C’est avec Make Space Row par Tilman & Marcasiano pour D.A.C (Dolceacquacontemporanea), une construction installée sur le toit de la Villa Arson, que je mets un point final à ma visite. Là encore, l’environnement, c’est-à-dire la vue qu’on a depuis les terrasses de la Villa, amplifie l’intérêt de l’intervention, sorte d’œuvre d’art « ouverte » qui fournit aux participants une arène de communication, de dialogue, d’expérimentation, de réflexion et d’exploration (sic). Mark Space Row est un lieu pour exposer ainsi qu’un lieu qui s’expose… C’est dans cet esprit que Tilman Hoepfl a invité Colombe Marcasiano à « habiter » sa structure par de belles toiles (voir image en une).
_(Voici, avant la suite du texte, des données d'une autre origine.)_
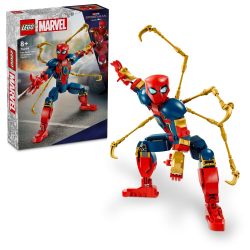LEGO Marvel Super Heroes - Железный Человек-Паук Фигурка 76298 / артикул   76298  / GTIN 5702017590165
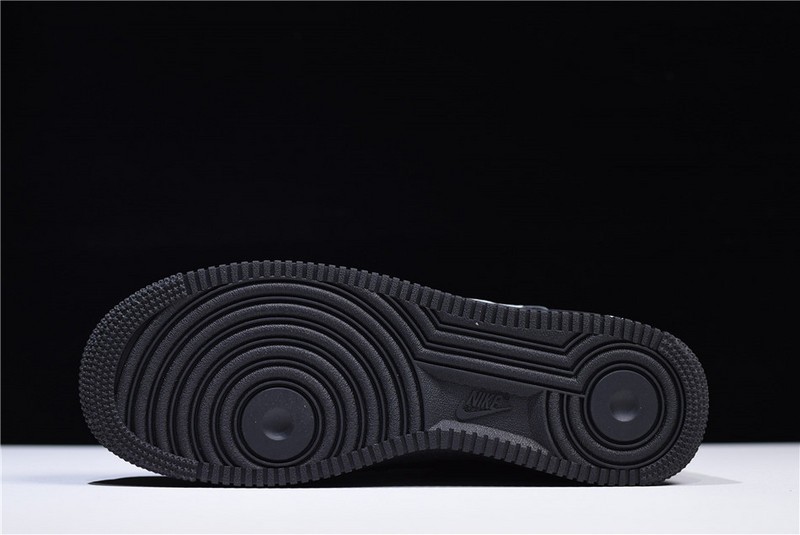 Nike Air Force 1 LV8 Utility BLACK AJ7747-001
Quid de La Station dans tout ça, puisque c’est de son anniversaire qu’il est question ? Cédric Teisseire retrace son histoire pour ceux qui en auraient ignoré l’origine. Tout a commencé par une fête le 31 décembre 1993 (ou un peu avant), dit-il. Des fraîchement diplômés de la Villa Arson, en 1993, eurent la possibilité de prolonger leur séjour dans ce phalanstère par l’obtention d’ateliers dont ils pourraient s’acquitter en travaillant pour le centre d’art. C’est ainsi que Béatrice Cussol, Ingrid Luche, Marc Chevalier, Pascal Broccolichi et Cédric Teisseire ont rejoint quelques aînés déjà en place pour former une équipe aux personnalités hétéroclites (sic). Années trépidantes durant lesquelles expositions et rencontres s’enchaînèrent, qui leur permirent de mettre en place une pratique d’atelier de leurs recherches personnelles et de réaliser ainsi que l’expérience influait directement sur la conception de leurs positions artistiques. En 1995 ce sursis « post diplôme » tirant à sa fin, nos protagonistes jetèrent leur dévolu sur une station-service désaffectée que le CHU de Nice leur permit d’occuper pour quelques mois qui devinrent trois années. On connaît la suite et aujourd’hui, pour fêter cet anniversaire, les artistes de la Station jouent les coucous dans le nid d’autres structures avec les œuvres d’Aurélien Cornut-Gentille, Jean-Baptiste Ganne, Alexandra Guillot, Ludovic Lignon, Paul Lebras, Florian Pugnaire, David Raffini, Vivien Roubaud, Emmanuelle Nègre, Cédric Teisseire et Justin Sanchez.
(Photos Villa Arson)
Jusqu’au 30 décembre 2016
Villa Arson
20, avenue Stephen-Liégeard – Nice
Merci pour ces niouzes.
Lecture toujours très intéressante. Je suis même assez d’accord, plutôt, parfois, quoique, mais oui…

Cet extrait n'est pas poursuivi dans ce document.